Input data START

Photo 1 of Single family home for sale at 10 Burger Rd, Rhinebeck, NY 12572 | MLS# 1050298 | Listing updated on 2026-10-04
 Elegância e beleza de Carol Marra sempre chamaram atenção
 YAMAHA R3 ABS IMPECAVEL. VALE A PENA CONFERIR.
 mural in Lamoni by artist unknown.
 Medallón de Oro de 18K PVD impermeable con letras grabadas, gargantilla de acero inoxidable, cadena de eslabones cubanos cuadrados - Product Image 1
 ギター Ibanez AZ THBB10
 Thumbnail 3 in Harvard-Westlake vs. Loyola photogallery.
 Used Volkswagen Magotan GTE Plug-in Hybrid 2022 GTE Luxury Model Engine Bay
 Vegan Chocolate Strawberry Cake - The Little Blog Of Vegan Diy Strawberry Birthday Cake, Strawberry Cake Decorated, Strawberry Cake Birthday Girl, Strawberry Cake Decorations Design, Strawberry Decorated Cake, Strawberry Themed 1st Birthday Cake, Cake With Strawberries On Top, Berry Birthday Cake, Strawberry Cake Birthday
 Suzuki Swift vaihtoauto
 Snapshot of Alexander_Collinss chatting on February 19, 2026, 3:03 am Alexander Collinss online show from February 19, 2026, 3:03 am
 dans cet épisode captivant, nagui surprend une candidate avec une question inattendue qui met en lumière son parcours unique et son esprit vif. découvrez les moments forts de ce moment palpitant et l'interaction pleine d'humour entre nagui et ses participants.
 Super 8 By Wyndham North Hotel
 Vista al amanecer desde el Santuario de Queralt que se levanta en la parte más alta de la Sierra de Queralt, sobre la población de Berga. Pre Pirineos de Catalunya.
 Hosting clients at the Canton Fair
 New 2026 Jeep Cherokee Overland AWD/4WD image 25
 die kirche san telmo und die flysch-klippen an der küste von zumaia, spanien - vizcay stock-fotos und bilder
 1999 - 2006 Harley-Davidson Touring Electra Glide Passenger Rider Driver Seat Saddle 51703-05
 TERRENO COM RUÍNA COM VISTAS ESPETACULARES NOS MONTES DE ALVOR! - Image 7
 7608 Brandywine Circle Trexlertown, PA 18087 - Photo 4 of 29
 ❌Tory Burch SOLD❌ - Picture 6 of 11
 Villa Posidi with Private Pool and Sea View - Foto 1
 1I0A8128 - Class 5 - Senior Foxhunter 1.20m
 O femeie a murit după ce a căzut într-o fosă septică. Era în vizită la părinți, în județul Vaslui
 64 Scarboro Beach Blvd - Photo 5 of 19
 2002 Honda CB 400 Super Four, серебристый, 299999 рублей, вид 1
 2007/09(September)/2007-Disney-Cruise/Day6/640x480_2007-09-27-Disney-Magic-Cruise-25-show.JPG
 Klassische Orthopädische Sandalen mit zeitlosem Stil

Input data END

Task requirements – Exactly reproduce every record.

Answer area –
Photo 1 of Single family home for sale at 10 Burger Rd, Rhinebeck, NY 12572 | MLS# 1050298 | Listing updated on 2026-10-04
 Elegância e beleza de Carol Marra sempre chamaram atenção
 YAMAHA R3 ABS IMPECAVEL. VALE A PENA CONFERIR.
 mural in Lamoni by artist unknown.
 Medallón de Oro de 18K PVD impermeable con letras grabadas, gargantilla de acero inoxidable, cadena de eslabones cubanos cuadrados - Product Image 1
 ギター Ibanez AZ THBB10
 Thumbnail 3 in Harvard-Westlake vs. Loyola photogallery.
 Used Volkswagen Magotan GTE Plug-in Hybrid 2022 GTE Luxury Model Engine Bay
 Vegan Chocolate Strawberry Cake - The Little Blog Of Vegan Diy Strawberry Birthday Cake, Strawberry Cake Decorated, Strawberry Cake Birthday Girl, Strawberry Cake Decorations Design, Strawberry Decorated Cake, Strawberry Themed 1st Birthday Cake, Cake With Strawberries On Top, Berry Birthday Cake, Strawberry Cake Birthday
 Suzuki Swift vaihtoauto
 Snapshot of Alexander_Collinss chatting on February 19, 2026, 3:03 am Alexander Collinss online show from February 19, 2026, 3:03 am
 dans cet épisode captivant, nagui surprend une candidate avec une question inattendue qui met en lumière son parcours unique et son esprit vif. découvrez les moments forts de ce moment palpitant et l'interaction pleine d'humour entre nagui et ses participants.
 Super 8 By Wyndham North Hotel
 Vista al amanecer desde el Santuario de Queralt que se levanta en la parte más alta de la Sierra de Queralt, sobre la población de Berga. Pre Pirineos de Catalunya.
 Hosting clients at the Canton Fair
 New 2026 Jeep Cherokee Overland AWD/4WD image 25
 die kirche san telmo und die flysch-klippen an der küste von zumaia, spanien - vizcay stock-fotos und bilder
 1999 - 2006 Harley-Davidson Touring Electra Glide Passenger Rider Driver Seat Saddle 51703-05
 TERRENO COM RUÍNA COM VISTAS ESPETACULARES NOS MONTES DE ALVOR! - Image 7
 7608 Brandywine Circle Trexlertown, PA 18087 - Photo 4 of 29
 ❌Tory Burch SOLD❌ - Picture 6 of 11
 Villa Posidi with Private Pool and Sea View - Foto 1
 1I0A8128 - Class 5 - Senior Foxhunter 1.20m
 O femeie a murit după ce a căzut într-o fosă septică. Era în vizită la părinți, în județul Vaslui
 64 Scarboro Beach Blvd - Photo 5 of 19
 2002 Honda CB 400 Super Four, серебристый, 299999 рублей, вид 1
 2007/09(September)/2007-Disney-Cruise/Day6/640x480_2007-09-27-Disney-Magic-Cruise-25-show.JPG
 Klassische Orthopädische Sandalen mit zeitlosem Stil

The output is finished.